The first influx of refugees fleeing a civil war in southern Philippines arrived in the late 1960s followed by economic migrants from the Philippines, Indonesia, Pakistan and India in the early 1980s.
The long-awaited inquiry report is expected to give recommendations on steps to be taken by the federal and state governments to curb the illegal immigrant problem.
It is also likely to outline the relevant background information on the alleged identity card scam and how the immigrants had become a burden to Sabah, a state where the population increased by nearly 400% over the past four decades.
Many Sabahans and state leaders said they were looking forward to seeing action taken against those involved in what has been dubbed “the mother of all problems” in the state.
Sabah Barisan Nasional has set up a special committee headed by Parti Bersatu Sabah (PBS) president Tan Sri Joseph Pairin Kitingan to look into the findings and coordinate measures suggested by the RCI report.
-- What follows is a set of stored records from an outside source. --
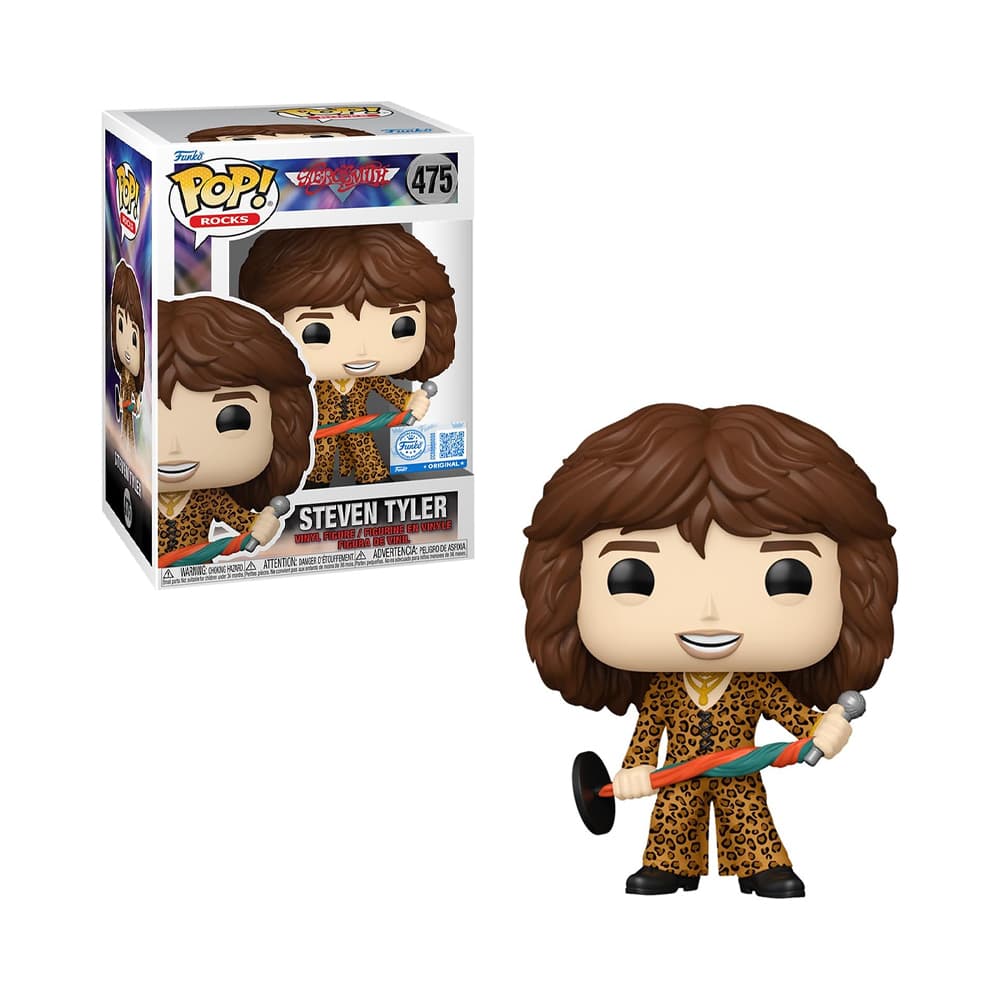 Anúncio: MUÑECO FUNKO POP ROCKS AEROSMITH STEVEN TYLER 1543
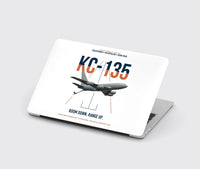 Thumbnail for KC-135 STRATOTANKER design on white MacBook case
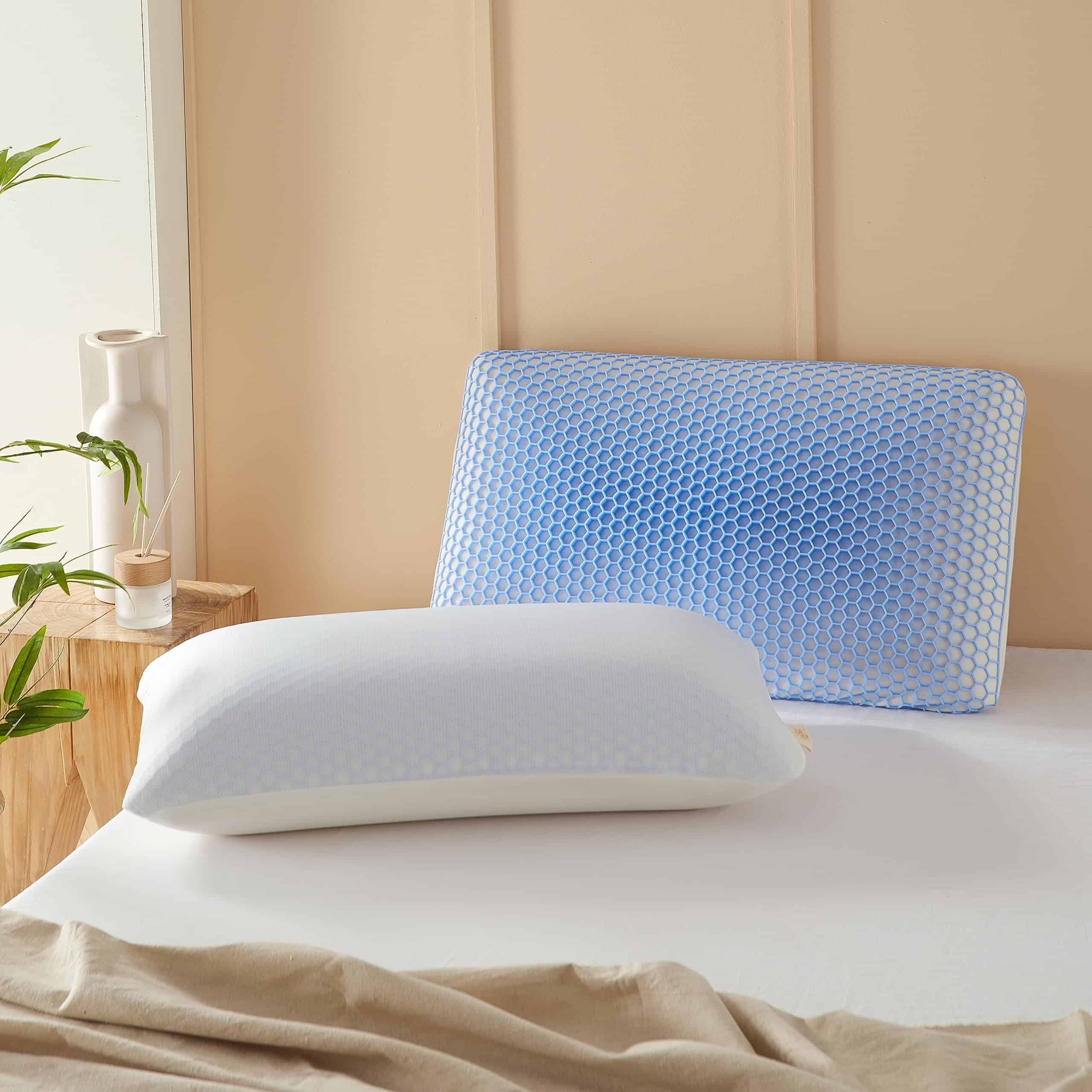 Almohada Berklan Harmony para Dormir con Soporte Elástico - Imagen 8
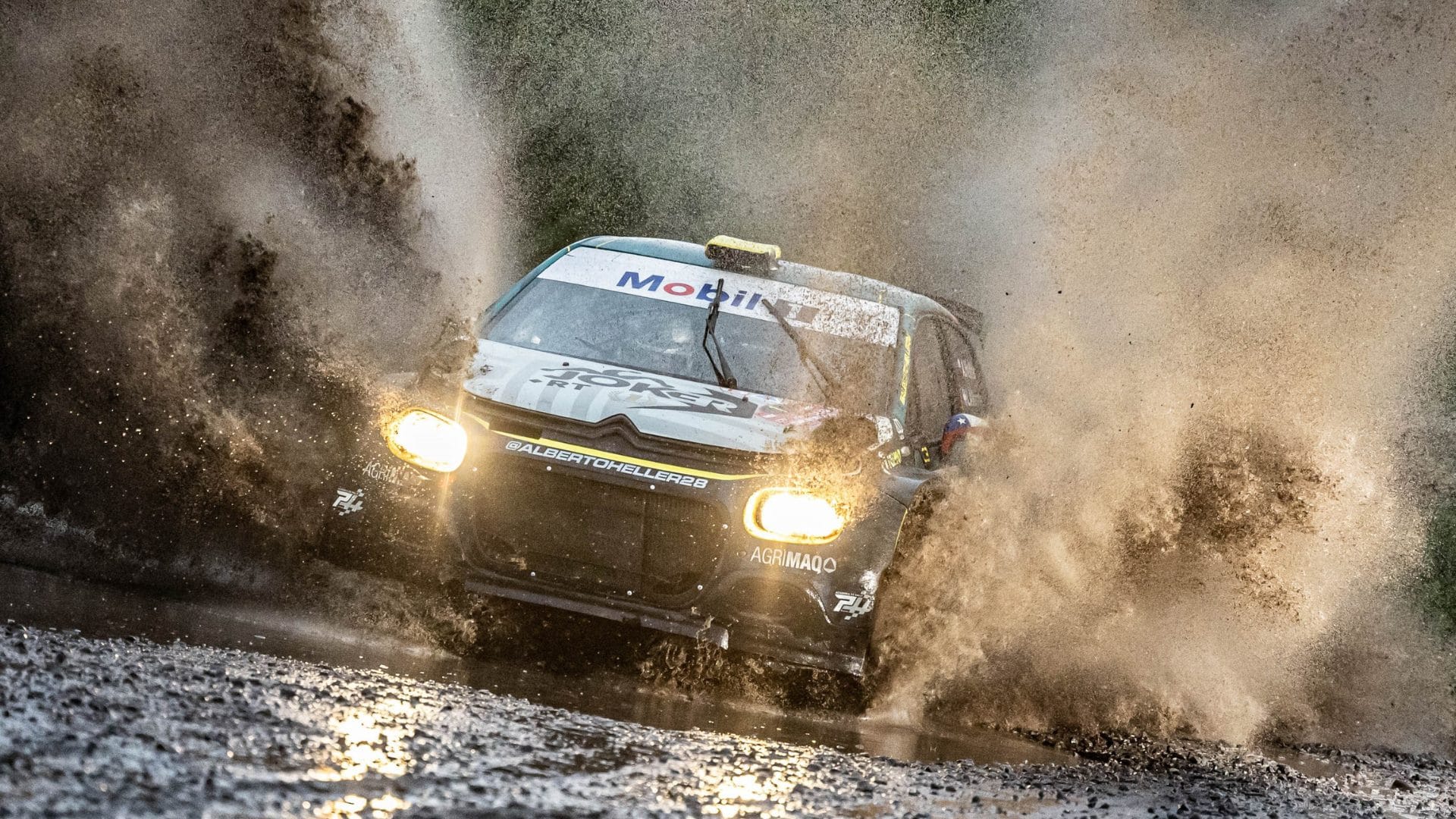 Heller y Gardiol los más veloces, Martínez terminó volcado en el Rally Laja – San Rosendo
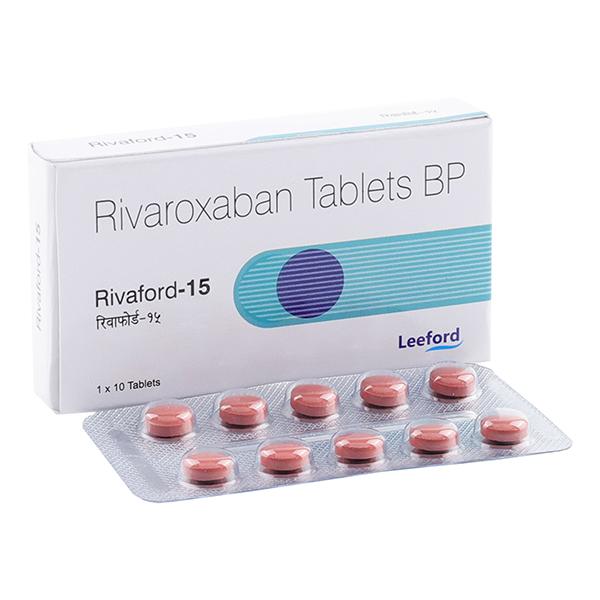 RIVAFORD 15 Tablet 10's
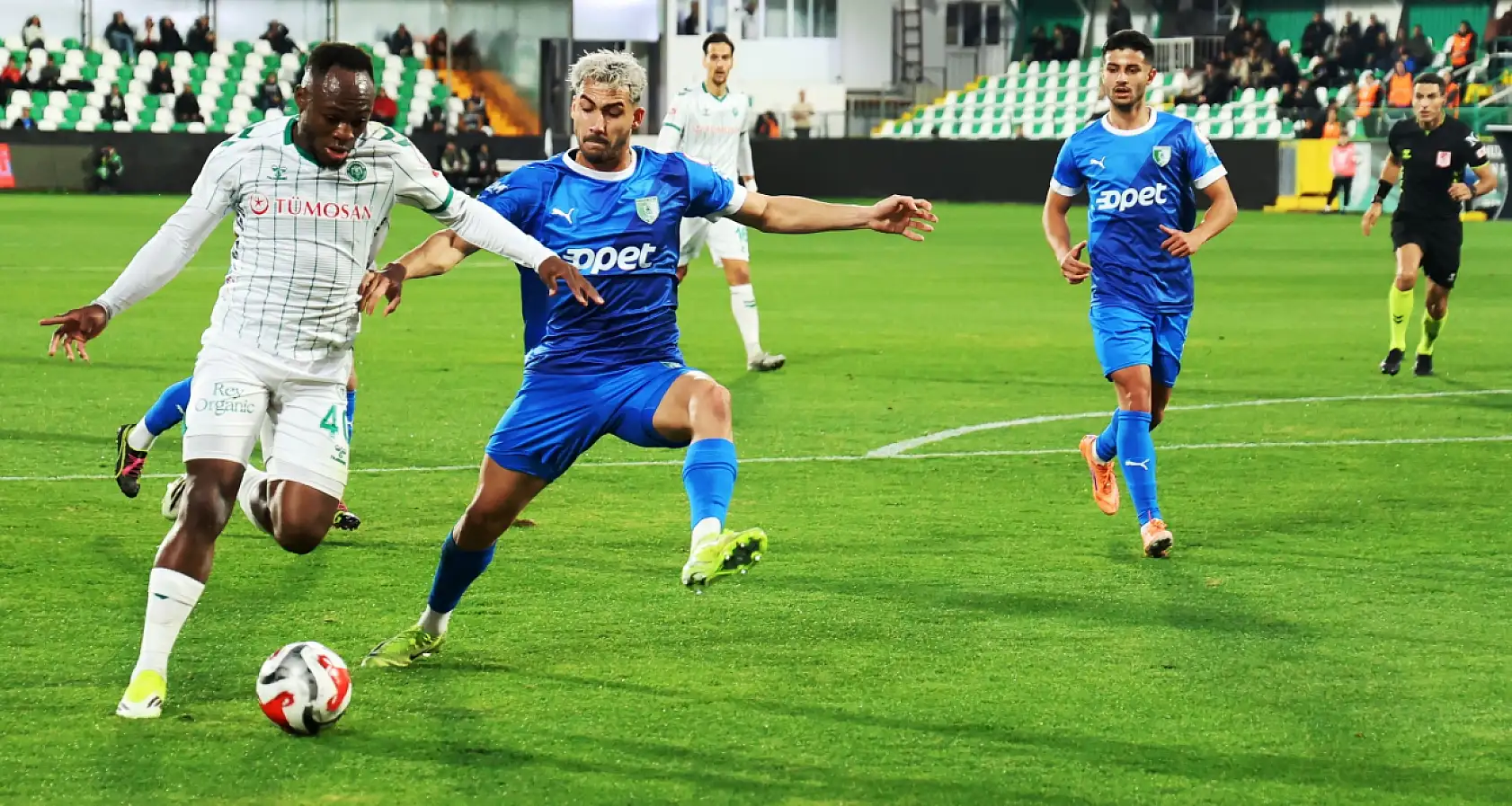 Ziraat Türkiye Kupası: Bodrum FK: 1 - Konyaspor: 2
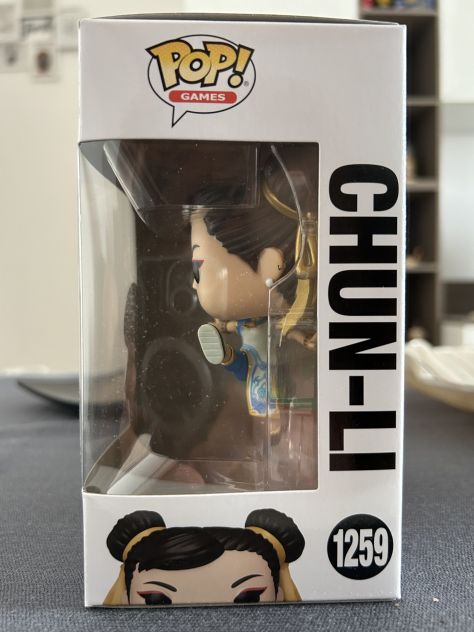 Funko POP! Games Chun Li - Foto 4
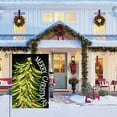 thumbnail image 4 of SM-XLHN Merry Christmas House Flag 28x40 Inch Double Sided, Christmas Tree Xmas Winter Holiday Yard Outdoor Decorative Flag, 4 of 6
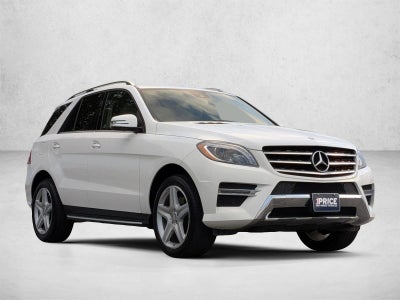 2015 Mercedes-Benz M-Class ML 400 SUV
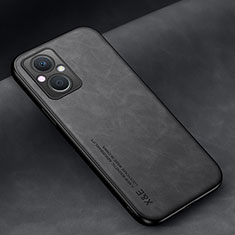 Soft Luxury Leather Snap On Case Cover DY1 for Oppo F21 Pro 5G Black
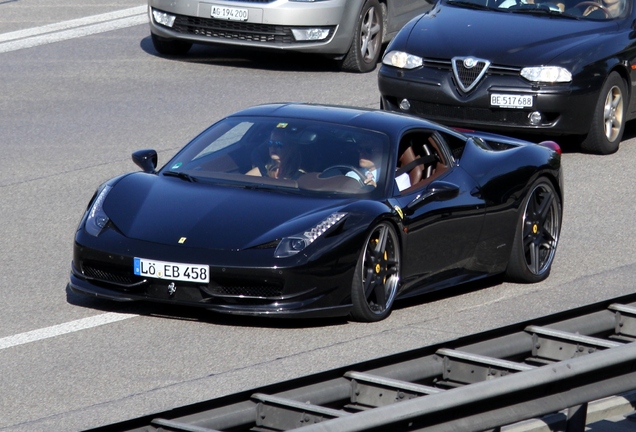 Ferrari 458 Italia Novitec Rosso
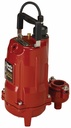 3/4 HP, Effluent Pump, 3 PH, 208/230V, 25' Cord, 1-1/2" Discharge, Manual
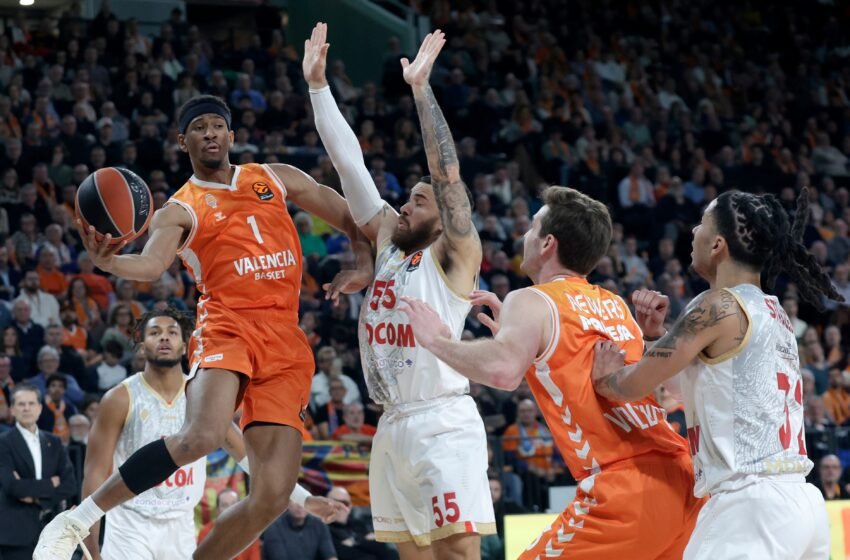  El AS Monaco Basket se declara en bancarrota, aunque mantiene la esperanza de reestructurarse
United Pasokmomogun Kadazandusun Murut Organisation (Upko) acting president Datuk Wilfred Tangau said the party wanted action to be taken immediately after the RCI findings are announced.
“We don’t want to keep talking about the issue with no action,” he said, adding that the party would wait for the report before commenting further.
Sabah Umno deputy chief Datuk Salleh Tun Said hoped the RCI’s recommendations would include short-term and long-term measures to tackle the problem.
The seriousness of the issue led to Upko and the opposition Sabah Progressive Party asking for fresh issuance of identity cards in the state to weed out the “backdoor citizenships” granted to foreigners.
Upko information chief Albert Bingkasan said Barisan parties had agreed to work with the panel led by Pairin to resolve the problem.
Liberal Democratic Party president Datuk Teo Chee Kang said that Sabah leaders must be courageous in implementing the measures recommended.
“Whatever the inconvenient truths that are revealed in the report, the current administration must take drastic measures to tackle the problem once and for all,” he said.
Parti Bersatu Rakyat Sabah secretary-general Datuk Johnson Tee said: “Implementation and enforcement are the most important aspects. No point just talking about it”.
The Movement for Change in Sabah (APS) opposition party’s president Datuk Wilfred Bumburing said there should be a concrete plan to solve the problem and a time frame set for it.
“A special Sabah state assembly session should be called to discuss this as it is a very important issue for the people of the state,” he said, adding that his party was saddened that it was not tabled in Parliament.
SAPP president Datuk Yong Teck Lee said the announcement had been long delayed and raised doubts on whether the findings would be useful to address the solutions.